* _Task objective_
Return the stretch from the line with "Oscar and Elmo table and chairs" through the line with "Grün – Bild 10" in the data below, character for character, skipping all pictures.

* _Provided records_

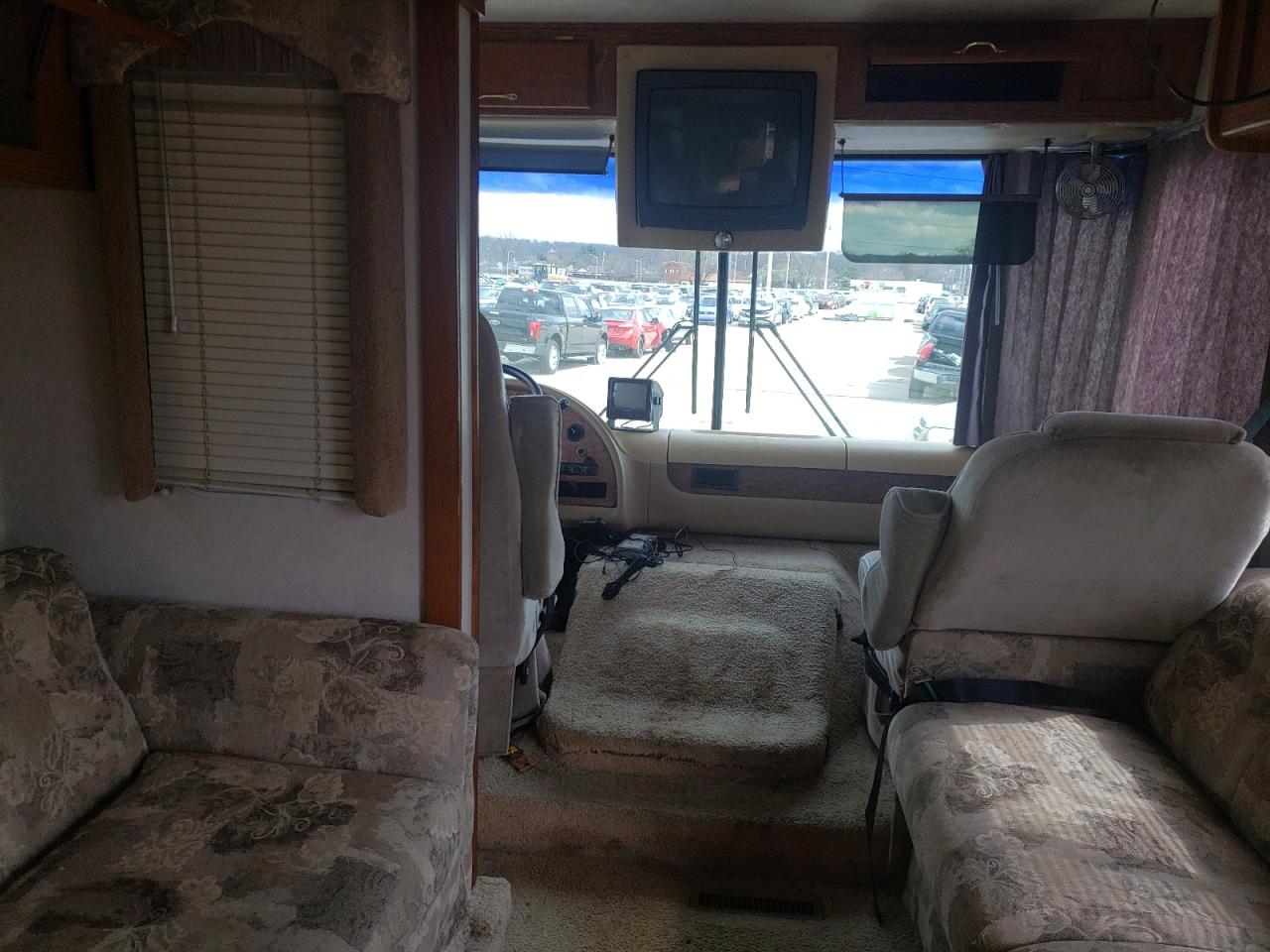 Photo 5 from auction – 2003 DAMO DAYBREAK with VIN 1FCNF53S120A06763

--

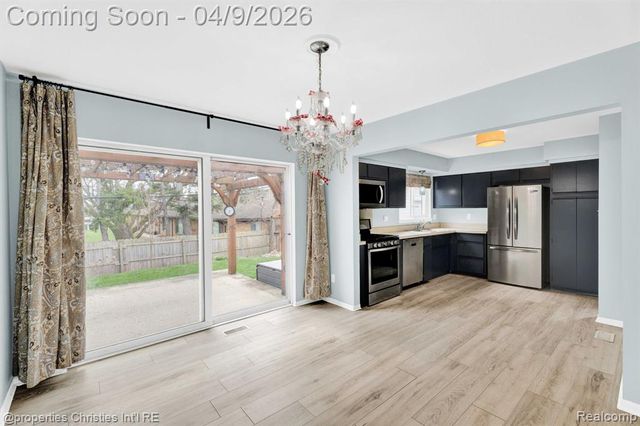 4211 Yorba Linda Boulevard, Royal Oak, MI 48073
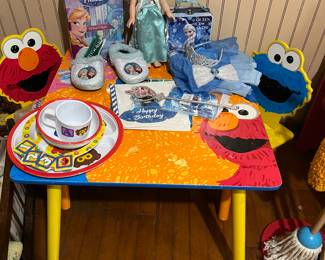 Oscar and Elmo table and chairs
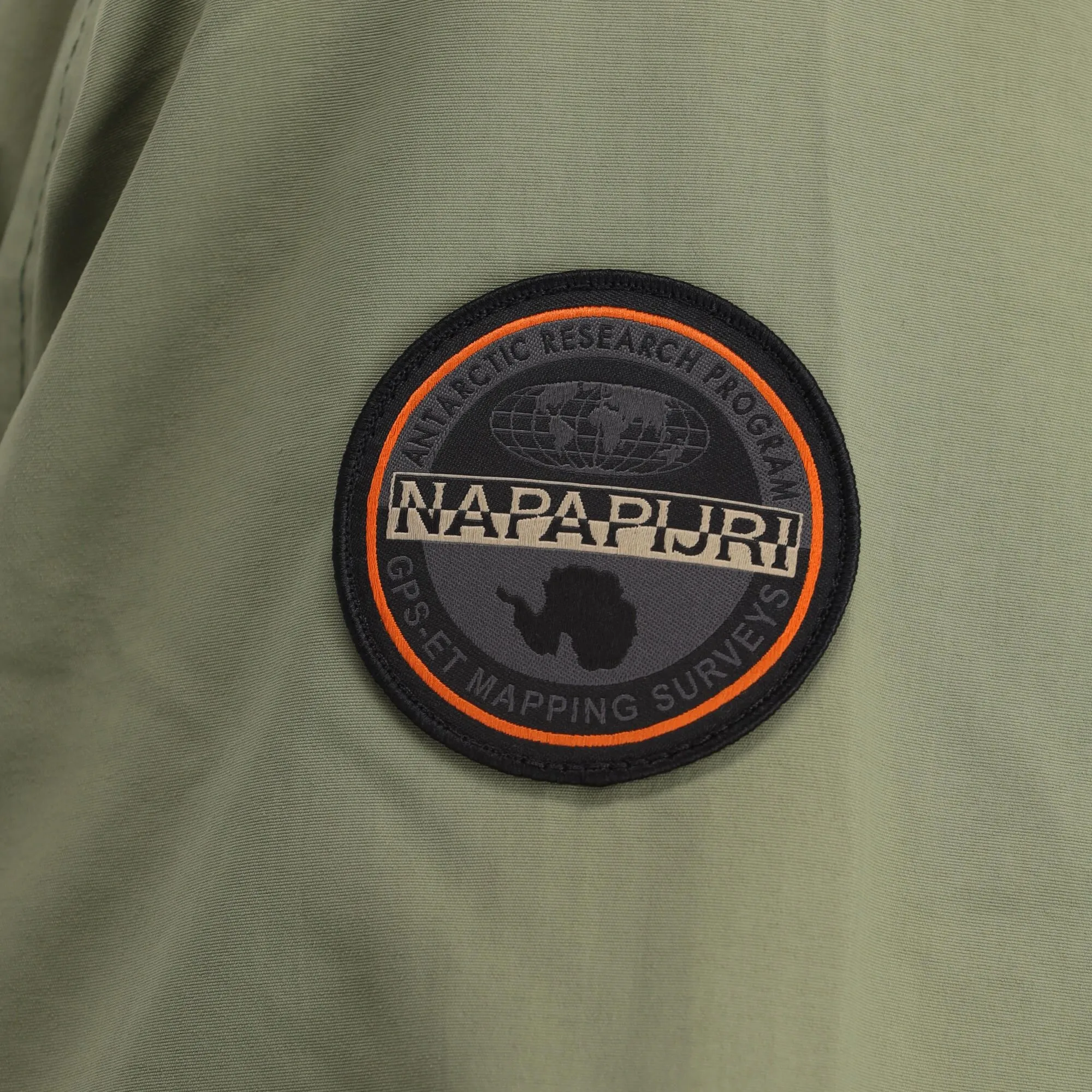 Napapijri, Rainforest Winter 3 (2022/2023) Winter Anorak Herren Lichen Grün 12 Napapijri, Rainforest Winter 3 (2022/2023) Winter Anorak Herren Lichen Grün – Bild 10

* _Solution_
 Oscar and Elmo table and chairs
 Napapijri, Rainforest Winter 3 (2022/2023) Winter Anorak Herren Lichen Grün 12 Napapijri, Rainforest Winter 3 (2022/2023) Winter Anorak Herren Lichen Grün – Bild 10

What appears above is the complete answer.